New Love, Recurring Battles

I hate the word “sustainability”. It’s such a buzz word and in a lot of ways, very generic, impersonal and meaningless. Even when I use the word I hate it, because how can you encompass all the ideas, ideologies, philosophies, pedagogies, experiences, et cetera that makes up what “sustainability” is?

I think John Robinson gave the best metaphor in a lecture – sustainability, like all great things in life, cannot be defined. It is unique to each person. Such that is life, beauty, love…and I like to believe that.

I often find that I’m fighting myself in my decisions. For example, I went to Sejuiced today which is this awesome little restaurant. They’re all vegan/vegetarian and crazy crazy good. But I had to get it to go and didn’t have any containers for the drink or the food. So this awesome restaurant had biodegradable, compostable, recycled containers. Hence – it’s my new love!

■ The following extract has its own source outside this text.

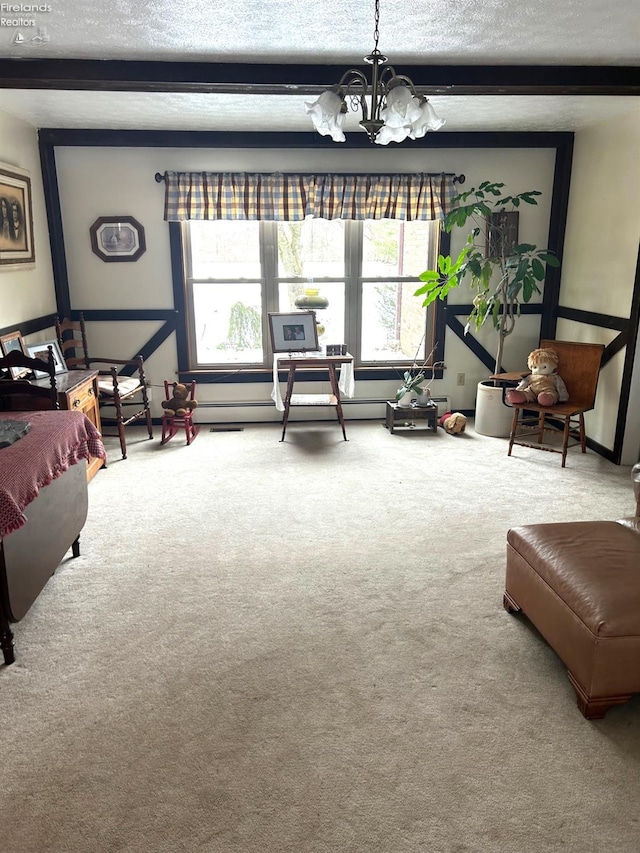 living room featuring a textured ceiling, carpet flooring, a chandelier, and beamed ceiling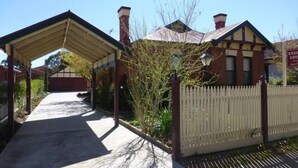 A covered walkway leading to a building with a brick facade and a white picket fence.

However, I get to school to work in the SUB. And I can’t find any composting bins (since Pacific Spirit Place was closed). I mean – I could’ve taken 5 minutes and walked to Irving – and if I had thought about it it probably would’ve been worth it. But what about the million of other compostable containers that wouldn’t be composted because, well – it’s too much work.

And then I get really upset that this seems to be a recurring battle within myself. Being resourceful, buying less packaging and reducing the overall waste I produce is always at the forefront of my mind. But the more I think about it, the more I see the things I am not doing.

For example, composting at home. Since I live at home, it’s hard to communicate with my family the importance of placing organics in a different location. I’ve tried to start a conversation many times over it, but at the end of the day, it’s always cut short by a “why don’t you do it – it’s too much work for us”. So most of the time when I’m at home, I make the trip down to the yard trimmings box to compost the food scraps from what I cooked. It’s disappointing, frustrating, and definitely contributes to the daily battle I have with myself.

I just feel like I’m not doing enough. Even when I’m trying my best – I just wish I had the resources, autonomy and finances to invest in more sustainable waste management practices in my own home.